Plaintiff argues that Herczeg does not apply because his theory of liability is that CET took steps to prevent safety hazards. Therefore, not only was it aware of safety defects, through its RPRs, it acted on its awareness. Herczeg addresses and dismisses any such argument.
Ultimately, the Pennsylvania Supreme Court concluded in Marshall that the engineer did not owe a duty to the plaintiff. "To hold otherwise, by imposing a duty on [CET] to be actively involved in procedures for safety compliance, would be inconsistent with the provision in the [Aqua-Smith] contract stating that [Smith] 'shall supervise and direct' the work and be 'solely responsible for all construction means. . . .'" Id. (emphasis in original). Therefore, as a matter of law, CET was under no contractual obligation to Plaintiff to ensure his safety.
CET's Course of Conduct
As stated before, Pennsylvania courts "have consistently refused to impose a duty on design professionals to protect workers from hazards on a construction site unless there was an undertaking, either by contract or course of conduct to supervise or control the construction and/or to maintain safe conditions on the site." Herczeg, 766 A.2d at 871. The Court has already determined that there was no contractually-created duty on CET. Nevertheless, Plaintiff contends that by a course of conduct, CET acknowledged that it owed Plaintiff the duty to ensure a safe work-site.

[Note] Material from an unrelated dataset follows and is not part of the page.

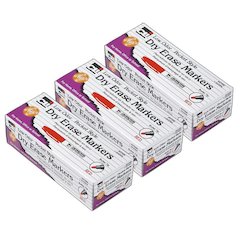 Dry Erase Markers, Low Odor, Pocket Style, Bullet Tip, Red, 12 Per Box, 3 Boxes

Plaintiff cites to isolated portions of deposition testimony from various Smith, Aqua, and CET employees. However, when read in their full context, none of these statements support a finding that there is a genuine issue of material fact over whether CET owed a duty of care to Plaintiff by adopting a course of conduct that evidenced an assumption of such a duty.
Adam Smith, the project Superintendent, acknowledged that pursuant to the contract, site safety rested with the Contractor. (Smith Dep., at GET 392,395-96) ("Every contract agreement that I've ever been involved in over the years, the contractor is responsible for his own safety," which included the safety of employees.). As the project Superintendent, Smith made decisions regarding the trench digging Plaintiff did and supervised his crews. (Id. at CET 401). Smith never turned supervisory responsibility of his work crews over to Terry Cockroft or Jim Summers, who were CET's representatives on the work-site. (Id. at CET 419; Small Dep., at CET 521; Whaley Dep. II, Doc. 46, Ex. H, at CET 808; Summers Dep., at CET 842).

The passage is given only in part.